**Exercise details**. The lines from the start of the records through the one containing "Chanel Two-Tone Suede" are to be transcribed exactly, and nothing else.

--- Supplied data ---

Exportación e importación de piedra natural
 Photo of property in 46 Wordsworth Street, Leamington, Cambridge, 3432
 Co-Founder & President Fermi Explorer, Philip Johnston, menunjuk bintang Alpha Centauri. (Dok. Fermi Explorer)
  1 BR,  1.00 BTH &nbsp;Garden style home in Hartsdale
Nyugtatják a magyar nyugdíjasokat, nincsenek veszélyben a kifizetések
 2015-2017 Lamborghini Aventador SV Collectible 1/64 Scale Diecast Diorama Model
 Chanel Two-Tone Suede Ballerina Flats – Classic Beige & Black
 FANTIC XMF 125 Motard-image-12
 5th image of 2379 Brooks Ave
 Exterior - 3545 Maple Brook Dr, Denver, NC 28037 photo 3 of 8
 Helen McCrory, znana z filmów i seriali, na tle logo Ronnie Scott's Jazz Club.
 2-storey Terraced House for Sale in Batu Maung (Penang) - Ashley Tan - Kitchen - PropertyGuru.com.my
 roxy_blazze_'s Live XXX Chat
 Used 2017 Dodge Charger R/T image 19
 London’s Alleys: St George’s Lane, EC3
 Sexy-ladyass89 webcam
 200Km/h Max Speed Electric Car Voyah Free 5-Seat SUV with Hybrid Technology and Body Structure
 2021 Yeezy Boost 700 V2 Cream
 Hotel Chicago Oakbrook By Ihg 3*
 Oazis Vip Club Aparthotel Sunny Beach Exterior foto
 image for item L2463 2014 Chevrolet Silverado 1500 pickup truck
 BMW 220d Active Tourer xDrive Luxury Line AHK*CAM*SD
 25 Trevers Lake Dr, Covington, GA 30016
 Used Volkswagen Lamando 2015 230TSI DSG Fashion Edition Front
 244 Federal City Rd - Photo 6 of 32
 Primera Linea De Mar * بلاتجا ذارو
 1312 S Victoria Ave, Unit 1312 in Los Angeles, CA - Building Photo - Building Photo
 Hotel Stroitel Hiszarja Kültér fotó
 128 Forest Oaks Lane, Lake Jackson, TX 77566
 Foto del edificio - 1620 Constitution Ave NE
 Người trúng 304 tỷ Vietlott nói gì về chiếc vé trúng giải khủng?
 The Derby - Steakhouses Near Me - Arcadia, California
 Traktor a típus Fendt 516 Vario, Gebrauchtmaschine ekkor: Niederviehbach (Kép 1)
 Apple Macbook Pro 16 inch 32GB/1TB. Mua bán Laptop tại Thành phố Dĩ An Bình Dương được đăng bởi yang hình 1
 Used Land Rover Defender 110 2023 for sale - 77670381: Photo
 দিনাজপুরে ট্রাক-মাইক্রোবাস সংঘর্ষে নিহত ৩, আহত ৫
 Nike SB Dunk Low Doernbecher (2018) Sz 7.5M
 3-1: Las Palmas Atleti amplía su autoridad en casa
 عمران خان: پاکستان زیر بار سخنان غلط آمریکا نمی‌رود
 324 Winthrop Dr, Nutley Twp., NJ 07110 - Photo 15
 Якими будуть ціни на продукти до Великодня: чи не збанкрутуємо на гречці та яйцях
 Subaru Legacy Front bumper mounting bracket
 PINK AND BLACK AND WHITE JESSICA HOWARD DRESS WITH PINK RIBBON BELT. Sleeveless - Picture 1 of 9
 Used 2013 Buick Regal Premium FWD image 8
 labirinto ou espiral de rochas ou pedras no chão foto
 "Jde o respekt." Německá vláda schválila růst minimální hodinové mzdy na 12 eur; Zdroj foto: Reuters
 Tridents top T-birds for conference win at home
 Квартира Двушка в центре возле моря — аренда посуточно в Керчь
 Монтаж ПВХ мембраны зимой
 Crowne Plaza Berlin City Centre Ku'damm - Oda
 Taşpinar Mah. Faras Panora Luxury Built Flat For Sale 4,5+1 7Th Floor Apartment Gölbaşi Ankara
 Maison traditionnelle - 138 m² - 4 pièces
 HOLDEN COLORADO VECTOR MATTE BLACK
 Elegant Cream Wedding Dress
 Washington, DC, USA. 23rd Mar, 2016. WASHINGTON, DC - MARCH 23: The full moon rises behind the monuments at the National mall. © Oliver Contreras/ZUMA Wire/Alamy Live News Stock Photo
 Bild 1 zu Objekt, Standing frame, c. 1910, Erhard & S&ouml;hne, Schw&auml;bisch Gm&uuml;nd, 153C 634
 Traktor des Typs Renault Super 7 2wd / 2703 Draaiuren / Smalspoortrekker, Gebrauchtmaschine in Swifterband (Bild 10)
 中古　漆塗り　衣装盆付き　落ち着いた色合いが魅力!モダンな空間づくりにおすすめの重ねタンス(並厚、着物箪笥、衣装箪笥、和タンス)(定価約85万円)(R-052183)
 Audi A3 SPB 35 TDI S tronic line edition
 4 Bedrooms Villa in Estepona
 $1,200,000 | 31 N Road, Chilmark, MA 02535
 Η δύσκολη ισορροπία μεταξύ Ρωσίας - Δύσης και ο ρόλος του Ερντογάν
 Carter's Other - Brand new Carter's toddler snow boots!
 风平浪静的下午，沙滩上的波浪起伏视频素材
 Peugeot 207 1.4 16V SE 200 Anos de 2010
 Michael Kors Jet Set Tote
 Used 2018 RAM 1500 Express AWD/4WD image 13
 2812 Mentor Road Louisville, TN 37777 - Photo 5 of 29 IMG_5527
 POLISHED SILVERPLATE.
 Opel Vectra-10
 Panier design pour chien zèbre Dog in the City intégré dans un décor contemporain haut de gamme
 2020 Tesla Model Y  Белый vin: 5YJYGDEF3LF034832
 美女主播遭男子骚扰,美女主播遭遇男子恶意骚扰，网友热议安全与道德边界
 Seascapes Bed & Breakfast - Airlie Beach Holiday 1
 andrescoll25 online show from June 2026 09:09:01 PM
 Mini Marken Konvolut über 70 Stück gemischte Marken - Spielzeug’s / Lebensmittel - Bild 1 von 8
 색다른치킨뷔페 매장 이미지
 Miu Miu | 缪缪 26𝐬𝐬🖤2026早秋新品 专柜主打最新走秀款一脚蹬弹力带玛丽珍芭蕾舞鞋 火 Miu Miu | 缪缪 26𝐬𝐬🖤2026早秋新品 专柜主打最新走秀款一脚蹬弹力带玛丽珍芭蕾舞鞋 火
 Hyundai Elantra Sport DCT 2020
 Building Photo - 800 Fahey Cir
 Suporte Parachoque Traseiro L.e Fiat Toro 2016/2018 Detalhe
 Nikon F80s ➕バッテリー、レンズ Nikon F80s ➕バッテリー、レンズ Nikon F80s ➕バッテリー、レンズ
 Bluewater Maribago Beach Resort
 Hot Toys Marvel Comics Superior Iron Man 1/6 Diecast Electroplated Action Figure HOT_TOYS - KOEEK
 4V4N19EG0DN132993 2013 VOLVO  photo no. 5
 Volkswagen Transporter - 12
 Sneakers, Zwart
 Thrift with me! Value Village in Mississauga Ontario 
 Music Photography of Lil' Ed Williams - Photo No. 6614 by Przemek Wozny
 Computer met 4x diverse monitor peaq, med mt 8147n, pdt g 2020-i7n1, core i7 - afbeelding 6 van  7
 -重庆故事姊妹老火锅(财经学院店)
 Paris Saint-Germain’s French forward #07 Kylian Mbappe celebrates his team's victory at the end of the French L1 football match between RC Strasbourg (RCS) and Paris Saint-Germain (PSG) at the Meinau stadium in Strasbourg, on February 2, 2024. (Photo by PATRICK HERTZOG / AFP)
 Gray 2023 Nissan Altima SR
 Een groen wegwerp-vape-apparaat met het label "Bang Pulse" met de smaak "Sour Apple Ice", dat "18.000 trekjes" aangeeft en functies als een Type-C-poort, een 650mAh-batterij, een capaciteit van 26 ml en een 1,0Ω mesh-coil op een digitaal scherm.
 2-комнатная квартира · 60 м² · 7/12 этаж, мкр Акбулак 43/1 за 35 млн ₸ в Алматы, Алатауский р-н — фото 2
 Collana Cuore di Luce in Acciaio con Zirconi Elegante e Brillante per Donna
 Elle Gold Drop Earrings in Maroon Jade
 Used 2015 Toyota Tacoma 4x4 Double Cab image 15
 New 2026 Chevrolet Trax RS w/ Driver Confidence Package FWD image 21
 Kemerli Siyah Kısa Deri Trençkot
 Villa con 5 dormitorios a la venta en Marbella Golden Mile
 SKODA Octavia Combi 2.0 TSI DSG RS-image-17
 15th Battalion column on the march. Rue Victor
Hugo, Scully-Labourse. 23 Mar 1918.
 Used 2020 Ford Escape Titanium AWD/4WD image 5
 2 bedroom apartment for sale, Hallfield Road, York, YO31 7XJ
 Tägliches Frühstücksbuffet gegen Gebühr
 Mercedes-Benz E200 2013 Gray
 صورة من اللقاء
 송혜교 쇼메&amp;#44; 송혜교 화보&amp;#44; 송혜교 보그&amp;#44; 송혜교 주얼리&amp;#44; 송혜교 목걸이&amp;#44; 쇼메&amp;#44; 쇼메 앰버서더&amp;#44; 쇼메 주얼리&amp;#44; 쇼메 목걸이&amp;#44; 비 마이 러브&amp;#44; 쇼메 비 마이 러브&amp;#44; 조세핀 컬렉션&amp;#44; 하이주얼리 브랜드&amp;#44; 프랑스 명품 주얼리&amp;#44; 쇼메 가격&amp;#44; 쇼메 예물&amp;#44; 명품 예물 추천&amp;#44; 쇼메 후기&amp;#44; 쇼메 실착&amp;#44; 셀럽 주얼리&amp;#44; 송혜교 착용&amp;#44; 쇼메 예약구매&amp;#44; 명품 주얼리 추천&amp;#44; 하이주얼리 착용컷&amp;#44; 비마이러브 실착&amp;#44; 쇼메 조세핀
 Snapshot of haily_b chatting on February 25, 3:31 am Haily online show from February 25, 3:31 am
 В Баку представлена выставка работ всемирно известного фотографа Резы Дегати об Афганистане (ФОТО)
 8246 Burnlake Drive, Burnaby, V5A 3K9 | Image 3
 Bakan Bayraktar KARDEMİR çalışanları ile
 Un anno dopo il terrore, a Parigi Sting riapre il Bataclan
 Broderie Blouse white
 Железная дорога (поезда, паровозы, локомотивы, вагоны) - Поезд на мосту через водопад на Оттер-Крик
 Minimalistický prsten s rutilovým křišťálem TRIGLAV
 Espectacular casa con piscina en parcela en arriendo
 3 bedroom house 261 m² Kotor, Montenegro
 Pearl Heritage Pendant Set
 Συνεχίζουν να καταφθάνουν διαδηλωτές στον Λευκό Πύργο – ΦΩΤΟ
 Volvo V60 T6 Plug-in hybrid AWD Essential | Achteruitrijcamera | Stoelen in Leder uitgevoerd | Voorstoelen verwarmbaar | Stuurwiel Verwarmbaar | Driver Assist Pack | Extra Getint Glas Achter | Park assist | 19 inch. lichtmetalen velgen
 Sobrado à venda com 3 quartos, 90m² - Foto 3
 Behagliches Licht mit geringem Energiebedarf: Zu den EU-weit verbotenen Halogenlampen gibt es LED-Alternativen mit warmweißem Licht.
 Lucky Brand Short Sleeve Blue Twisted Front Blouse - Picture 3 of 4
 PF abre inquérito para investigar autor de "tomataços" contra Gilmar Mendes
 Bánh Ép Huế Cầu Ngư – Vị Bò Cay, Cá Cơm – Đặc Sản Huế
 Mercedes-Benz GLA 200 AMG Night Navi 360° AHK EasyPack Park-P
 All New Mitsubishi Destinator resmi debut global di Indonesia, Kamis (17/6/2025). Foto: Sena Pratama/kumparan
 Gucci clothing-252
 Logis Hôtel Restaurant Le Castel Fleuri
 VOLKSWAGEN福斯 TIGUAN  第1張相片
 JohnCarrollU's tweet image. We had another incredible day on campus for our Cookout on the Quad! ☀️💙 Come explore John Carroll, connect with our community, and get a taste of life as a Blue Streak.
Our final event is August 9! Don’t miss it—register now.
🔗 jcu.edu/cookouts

---

**Answer to the problem**.
Exportación e importación de piedra natural
 Photo of property in 46 Wordsworth Street, Leamington, Cambridge, 3432
 Co-Founder & President Fermi Explorer, Philip Johnston, menunjuk bintang Alpha Centauri. (Dok. Fermi Explorer)
  1 BR,  1.00 BTH &nbsp;Garden style home in Hartsdale
Nyugtatják a magyar nyugdíjasokat, nincsenek veszélyben a kifizetések
 2015-2017 Lamborghini Aventador SV Collectible 1/64 Scale Diecast Diorama Model
 Chanel Two-Tone Suede Ballerina Flats – Classic Beige & Black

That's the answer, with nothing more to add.